The Four Seasons wasn't earning these words because of the food it was serving; it was just special, somehow. I'm sure I'd be able to expound upon this had I ever been able to afford a seat by the pool there. "On the whole," the NYT reviewer Craig Claiborne wrote, "the cuisine is not exquisite." And it never really was, and it certainly wasn't as it closed its doors. But even overpriced and mediocre, and not without controversy, the old soul of the place was still a draw for many. Its existence felt nice, as a tie to a more glamorous era, even if you never stepped inside.
Anyway, it's gone now! The Four Seasons shut its doors in the Seagram Buildling on July 16th. Though a new version of the place will open on Park Avenue, it won't feature all the mid-century gems that adorned the iconic 52nd Street space over the decades, as those are currently on the auction block. Yesterday we dropped by the preview, held inside the original space, which still has that iconic pool filled with water.
Everyone "walked around carefully and spoke in hushed voices," our photographer Scott Heins reported back. "The place feels like a wake held in a department store."

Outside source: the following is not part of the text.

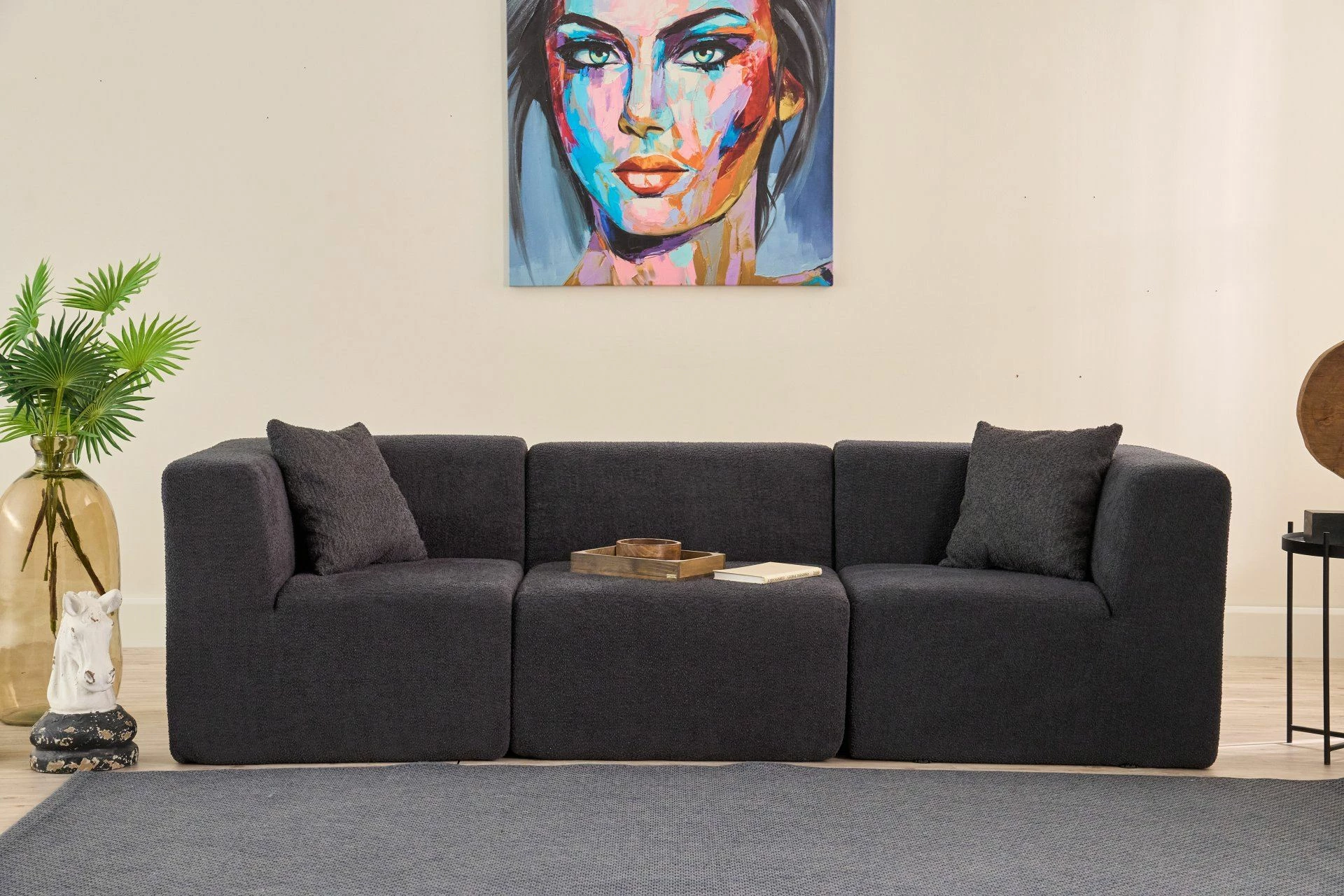 Divan treshe Atelier del Sofa, ngjyrë antracit, 3 pjesë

Yuliya Kaspler, a jewelry collector from the Upper East Side, has been coming to the Four Seasons for over 20 years, and was perusing the pieces yesterday—"It's a place that's very familiar and comfortable to me. I collect jewelry, I collect objects, so the pieces that I'm looking for are the pieces that would fit in to my collections and the style of my homes."
Kaspler had her heart set on certain items from the place—"It has to be something iconic to Four Seasons... what are the most iconic silver pieces? The breadbaskets, the three chicken feet. That's what I'm looking for."

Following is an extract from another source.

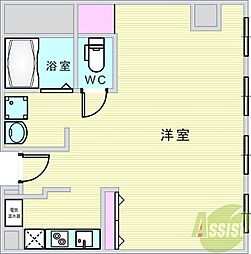 アマニカス 1Kの間取図画像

Peter Wood, also from the Upper East Side, has been going to the Four Seasons for 28 years, and told us, "It's just magical. It's very hard to describe it otherwise. You're not coming here for just one reason, it's not like you're coming here for a particular dish or food. You're coming here for the experience, the atmosphere, the staff, the environment. You feel like you're losing something important in your life. As all New Yorkers are, we get attached to things."
Those sentimental about the place can white-knuckle onto the past by bringing a piece of it home with them; the public preview will be open until the date of the auction, July 26th. On that day, you can bid in person or online (details here). The starting bids on these items will be a minimum of $200, and go up to about $100,000.
As for Kaspler, she'll be showing up herself—"I wouldn't go to every live auction, this is one I want to be a part of, just to have this as a completion of the experience of Four Seasons."
N.B.: Wine is still being served during the previews.